■ **Given information**:
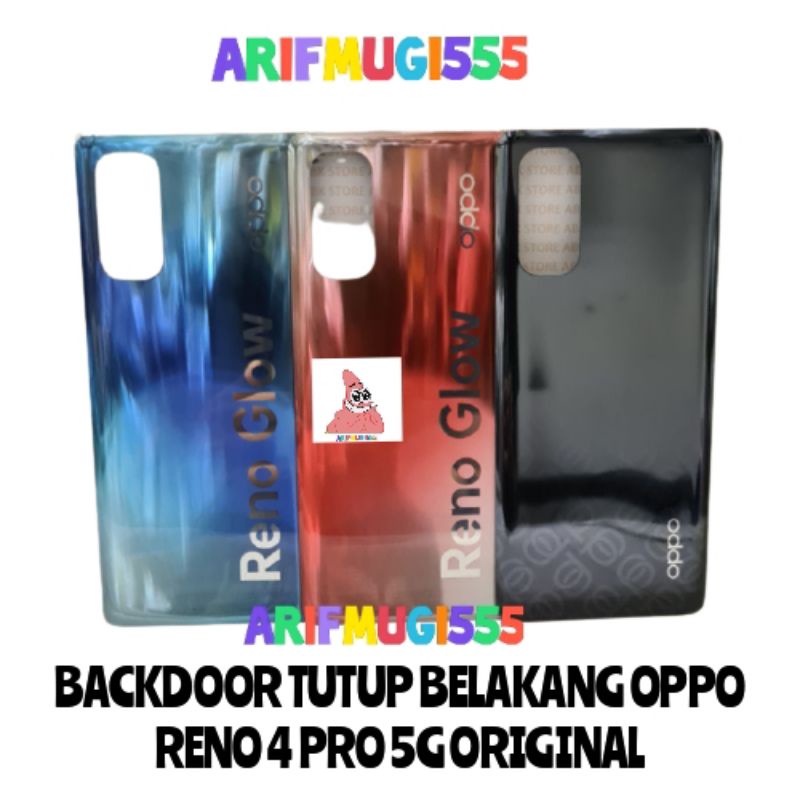 BACKDOOR TUTUP BELAKANG BACK COVER BACK CASING OPPO RENO 4 PRO 5G ORIGINAL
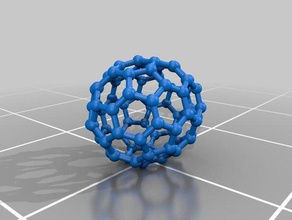 c70 molecule 3d printing 3d print model - Mito3D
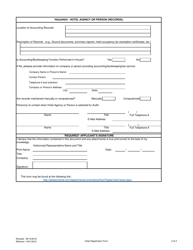 Hotel Occupancy Tax Registration Form - City of Dallas, Texas, Page 3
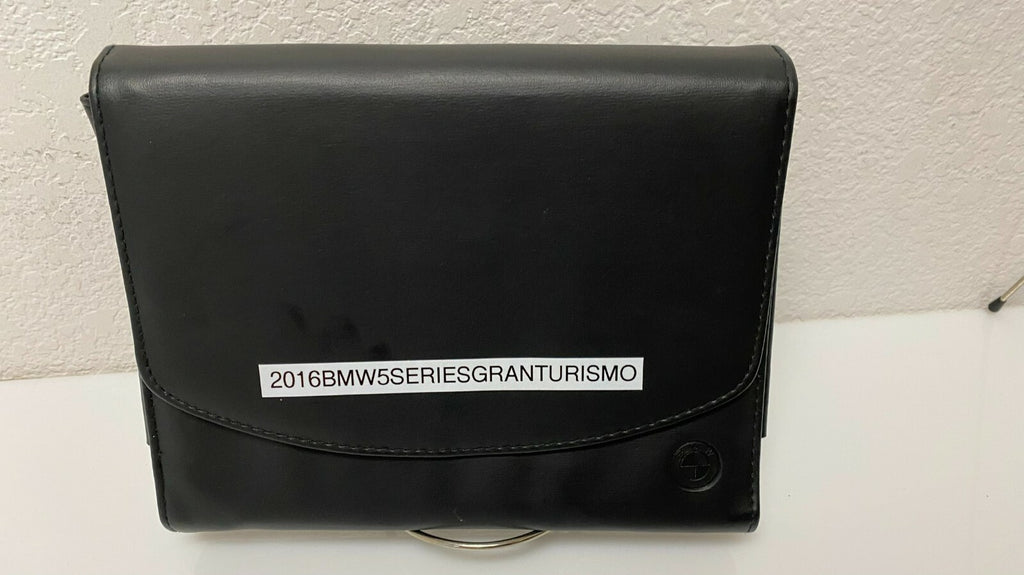 2016 BMW 5 Series 535i 550i xDrive Gran Turismo Genuine OEM Owner's Manual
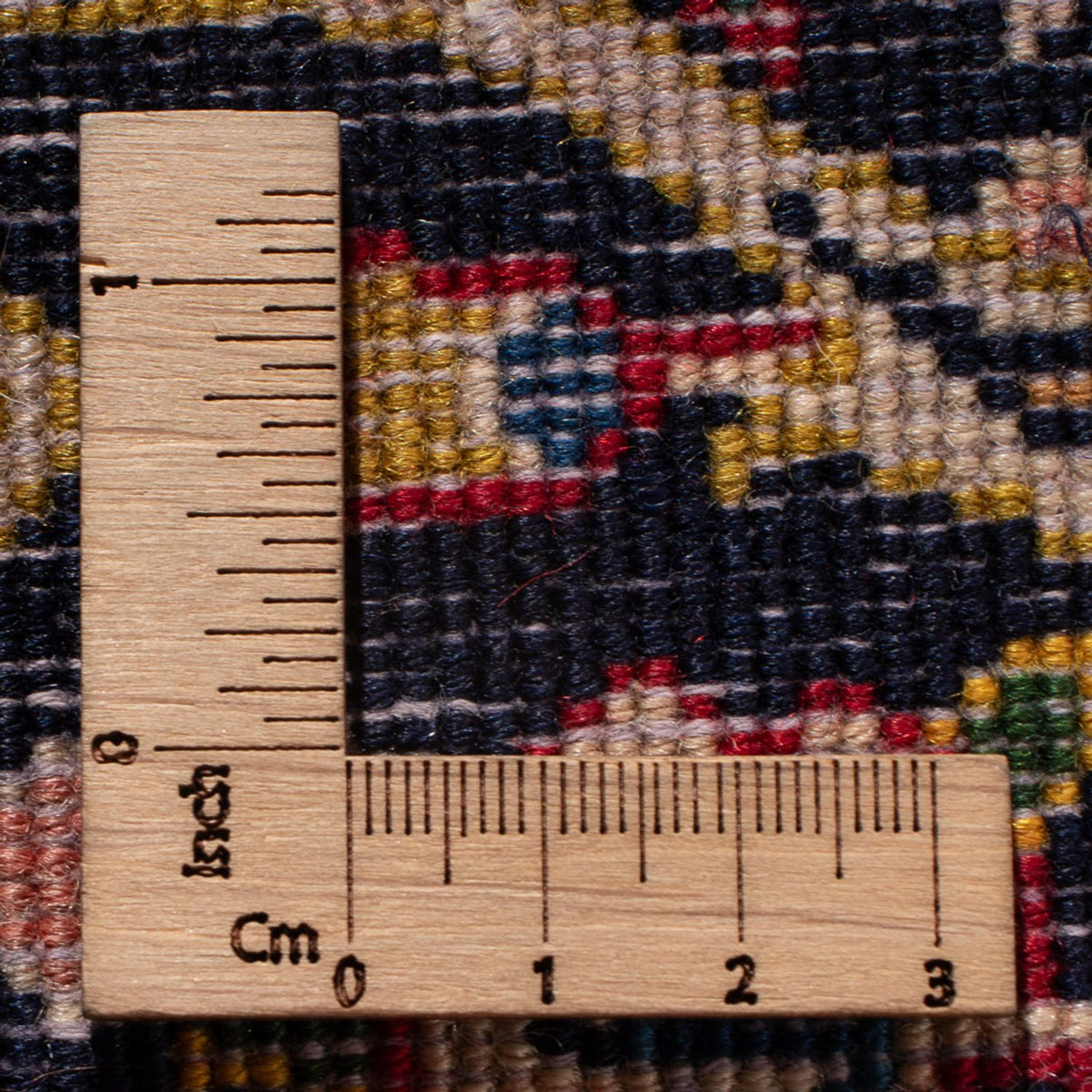 Perserteppich - Keshan - Antik - 410 x 298 cm - dunkelblau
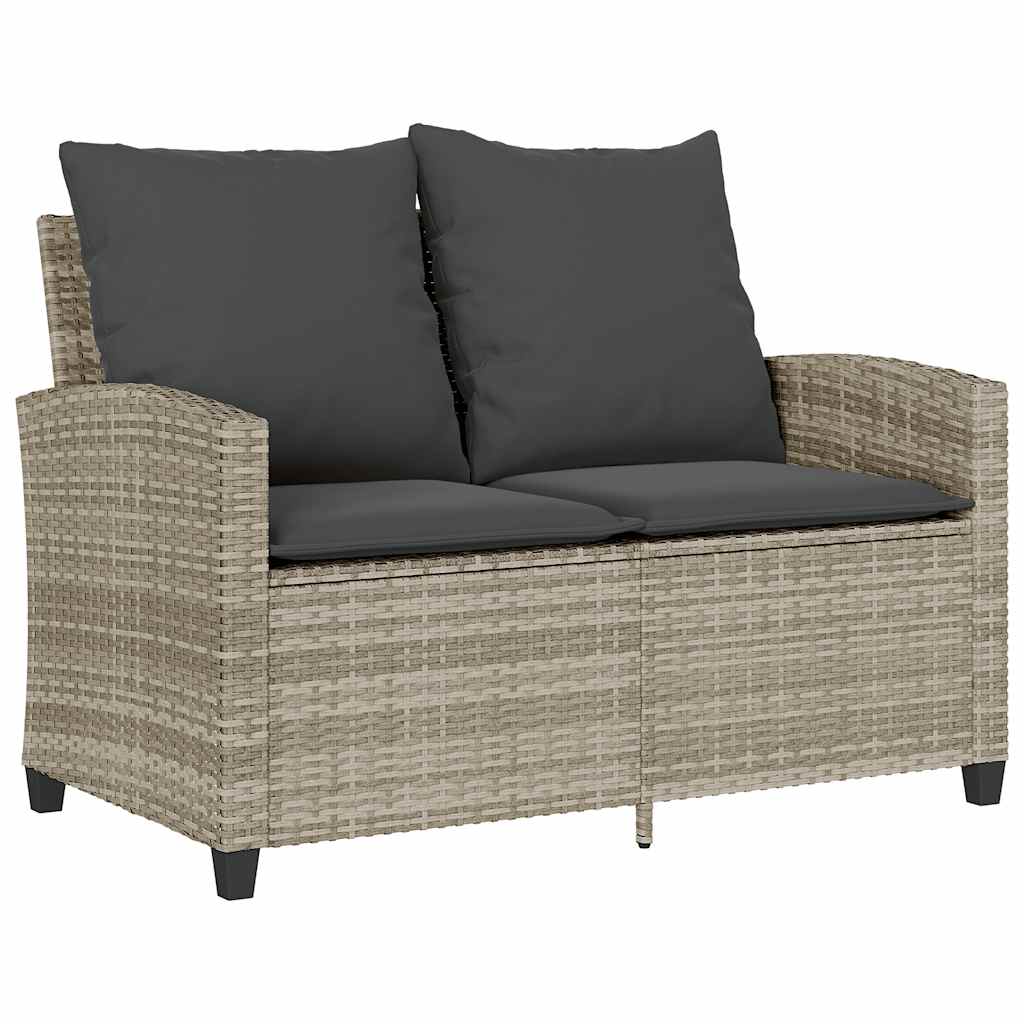 6-delige Loungeset met kussens poly rattan lichtgrijs is nu te koop bij PeponiXL, paradijselijk wonen!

■ **What you are asked to do**:
The full material above must be output verbatim, minus any pictures.

■ **The completed task**:
 BACKDOOR TUTUP BELAKANG BACK COVER BACK CASING OPPO RENO 4 PRO 5G ORIGINAL
 c70 molecule 3d printing 3d print model - Mito3D
 Hotel Occupancy Tax Registration Form - City of Dallas, Texas, Page 3
 2016 BMW 5 Series 535i 550i xDrive Gran Turismo Genuine OEM Owner's Manual
 Perserteppich - Keshan - Antik - 410 x 298 cm - dunkelblau
 6-delige Loungeset met kussens poly rattan lichtgrijs is nu te koop bij PeponiXL, paradijselijk wonen!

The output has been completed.